Log-transformed to address skew.
Conclusions
Consuming less-processed whole-grain foods over 2 weeks improved measures of glycemia in free-living adults with type 2 diabetes compared with an equivalent amount of whole-grain foods that were finely milled to reduce their particle size. All whole-grain foods met the definition of being 100% whole grain and had a similar composition in terms of dietary fiber and macronutrients. Whole-grain foods derived from wheat, oats, and brown rice were provided ad libitum to participants, with the amount consumed balanced between interventions. The reduction in glycemia was particularly striking after breakfast, when more servings of whole-grain foods were eaten than at other times during the day. Measures of day-long glycemic variability also improved, suggesting potential benefits in terms of reduced protein glycation and cardiovascular risk (20–22). Although the only difference between the two intervention periods related to whole-grain structure as determined by milling and the reported energy intake did not differ, a different pattern of weight change was observed. Consumption of the less-processed whole-grain foods was associated with a mean reduction of body weight, whereas there appeared to be a modest increase during the 2-week period where finely milled whole-grain foods were provided. There was no indication that the weight difference explained the improvements in glycemia associated with the less-processed whole-grain foods characterized by larger particle size.

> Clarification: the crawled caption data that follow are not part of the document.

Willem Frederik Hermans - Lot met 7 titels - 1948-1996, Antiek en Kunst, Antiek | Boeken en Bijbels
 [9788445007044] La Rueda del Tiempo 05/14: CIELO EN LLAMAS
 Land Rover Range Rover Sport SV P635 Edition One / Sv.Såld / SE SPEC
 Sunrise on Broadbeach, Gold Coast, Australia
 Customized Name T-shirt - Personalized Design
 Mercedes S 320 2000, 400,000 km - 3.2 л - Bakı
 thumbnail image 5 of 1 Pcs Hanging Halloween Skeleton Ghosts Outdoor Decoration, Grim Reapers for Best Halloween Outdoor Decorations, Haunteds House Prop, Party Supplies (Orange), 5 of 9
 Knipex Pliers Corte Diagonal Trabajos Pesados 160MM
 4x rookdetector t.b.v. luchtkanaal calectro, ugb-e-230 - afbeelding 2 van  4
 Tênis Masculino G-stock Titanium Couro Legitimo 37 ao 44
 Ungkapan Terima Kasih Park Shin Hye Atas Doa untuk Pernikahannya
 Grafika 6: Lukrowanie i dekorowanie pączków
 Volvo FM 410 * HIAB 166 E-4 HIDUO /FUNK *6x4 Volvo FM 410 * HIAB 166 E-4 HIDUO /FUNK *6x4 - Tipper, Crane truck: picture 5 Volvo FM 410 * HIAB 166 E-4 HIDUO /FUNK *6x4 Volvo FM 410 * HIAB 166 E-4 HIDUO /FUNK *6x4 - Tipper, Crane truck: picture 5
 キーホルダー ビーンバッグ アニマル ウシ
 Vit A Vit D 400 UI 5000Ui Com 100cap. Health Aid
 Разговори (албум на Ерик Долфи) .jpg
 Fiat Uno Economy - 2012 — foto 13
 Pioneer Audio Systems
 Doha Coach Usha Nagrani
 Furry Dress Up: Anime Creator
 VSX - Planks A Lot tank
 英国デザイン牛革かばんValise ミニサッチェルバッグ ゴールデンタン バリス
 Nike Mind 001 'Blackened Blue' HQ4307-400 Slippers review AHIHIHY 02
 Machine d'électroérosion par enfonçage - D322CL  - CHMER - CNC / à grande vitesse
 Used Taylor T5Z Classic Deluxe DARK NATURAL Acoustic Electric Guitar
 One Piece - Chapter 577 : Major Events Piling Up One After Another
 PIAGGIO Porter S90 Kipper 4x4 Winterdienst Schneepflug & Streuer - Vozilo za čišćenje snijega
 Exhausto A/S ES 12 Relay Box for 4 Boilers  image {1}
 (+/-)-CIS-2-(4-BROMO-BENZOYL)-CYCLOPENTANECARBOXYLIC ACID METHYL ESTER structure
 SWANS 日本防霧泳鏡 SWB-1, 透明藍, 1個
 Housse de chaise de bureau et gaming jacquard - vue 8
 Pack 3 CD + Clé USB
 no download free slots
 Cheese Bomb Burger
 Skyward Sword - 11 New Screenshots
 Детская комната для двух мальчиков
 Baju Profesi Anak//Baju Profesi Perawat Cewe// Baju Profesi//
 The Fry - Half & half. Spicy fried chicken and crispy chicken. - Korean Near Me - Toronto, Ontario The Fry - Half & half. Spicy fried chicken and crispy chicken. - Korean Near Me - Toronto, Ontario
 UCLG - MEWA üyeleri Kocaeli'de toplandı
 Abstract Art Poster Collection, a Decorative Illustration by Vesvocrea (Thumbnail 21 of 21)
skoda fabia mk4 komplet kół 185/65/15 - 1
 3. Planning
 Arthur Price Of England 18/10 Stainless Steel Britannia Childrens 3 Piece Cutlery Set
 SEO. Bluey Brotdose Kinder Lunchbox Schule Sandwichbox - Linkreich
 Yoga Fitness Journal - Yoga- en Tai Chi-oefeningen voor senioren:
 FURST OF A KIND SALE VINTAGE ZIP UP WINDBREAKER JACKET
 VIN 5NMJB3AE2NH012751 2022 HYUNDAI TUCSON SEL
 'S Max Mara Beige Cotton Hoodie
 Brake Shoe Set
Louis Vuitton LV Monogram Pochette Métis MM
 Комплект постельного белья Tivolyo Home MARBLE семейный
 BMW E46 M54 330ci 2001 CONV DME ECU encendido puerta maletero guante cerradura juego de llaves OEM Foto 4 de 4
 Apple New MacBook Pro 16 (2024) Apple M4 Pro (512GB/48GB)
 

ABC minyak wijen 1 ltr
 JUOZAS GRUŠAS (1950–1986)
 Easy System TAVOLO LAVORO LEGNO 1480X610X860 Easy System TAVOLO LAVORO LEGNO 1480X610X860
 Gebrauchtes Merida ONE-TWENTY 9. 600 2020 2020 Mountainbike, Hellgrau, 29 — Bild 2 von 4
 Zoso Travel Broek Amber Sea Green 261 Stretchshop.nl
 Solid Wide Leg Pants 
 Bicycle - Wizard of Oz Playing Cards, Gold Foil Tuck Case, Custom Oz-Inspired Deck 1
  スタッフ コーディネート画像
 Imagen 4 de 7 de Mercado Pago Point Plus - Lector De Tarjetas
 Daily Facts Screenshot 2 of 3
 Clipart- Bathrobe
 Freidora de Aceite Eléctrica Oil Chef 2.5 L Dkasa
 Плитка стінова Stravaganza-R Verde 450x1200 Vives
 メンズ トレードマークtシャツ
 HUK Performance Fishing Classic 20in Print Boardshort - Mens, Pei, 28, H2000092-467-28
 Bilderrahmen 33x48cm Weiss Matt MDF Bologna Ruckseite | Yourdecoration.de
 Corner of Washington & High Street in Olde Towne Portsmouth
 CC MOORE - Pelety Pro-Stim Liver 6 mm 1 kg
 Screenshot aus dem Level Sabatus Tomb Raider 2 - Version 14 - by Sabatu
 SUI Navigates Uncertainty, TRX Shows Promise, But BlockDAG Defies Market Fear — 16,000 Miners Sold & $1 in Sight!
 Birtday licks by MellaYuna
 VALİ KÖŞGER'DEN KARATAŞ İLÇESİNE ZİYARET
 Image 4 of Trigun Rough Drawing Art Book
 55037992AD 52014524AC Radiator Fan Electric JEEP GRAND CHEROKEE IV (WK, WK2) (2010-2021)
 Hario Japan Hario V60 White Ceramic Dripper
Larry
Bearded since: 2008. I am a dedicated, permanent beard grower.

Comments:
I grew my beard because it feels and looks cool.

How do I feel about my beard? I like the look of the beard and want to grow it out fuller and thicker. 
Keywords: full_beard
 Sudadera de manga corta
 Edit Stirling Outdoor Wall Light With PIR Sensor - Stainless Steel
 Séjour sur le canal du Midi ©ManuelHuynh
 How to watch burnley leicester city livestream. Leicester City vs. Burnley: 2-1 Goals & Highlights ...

Several plausible mechanisms could explain the overall observation that the degree of whole-grain processing, as characterized by whole-grain particle size as a result of milling, alters starch digestibility. First, less-processed whole grains may pass through the small intestine to be digested in the colon by the microbiome into short-chain fatty acids (23), which are absorbed without altering circulating blood glucose levels. Second, smaller whole-grain particle size associated with milling allows water and enzymes easier access to the starch and enables catalytic activity, which alters the rate of glucose absorption (24). Third, the milling of whole grains to flour removes the compartmentalization of starch, affecting starch and protein interactions, which may further affect digestion rate (25). The differing pattern in body weight change between the interventions was unexpected. However, there are several possible explanations. A higher proportion of the intact whole grain may have escaped digestion in the small intestine to be either metabolized in the large bowel or have avoided anaerobic metabolism entirely. It is also conceivable that digestion of less-processed whole grains may be associated with a greater thermic effect than the digestion of whole grains that are more finely ground (26).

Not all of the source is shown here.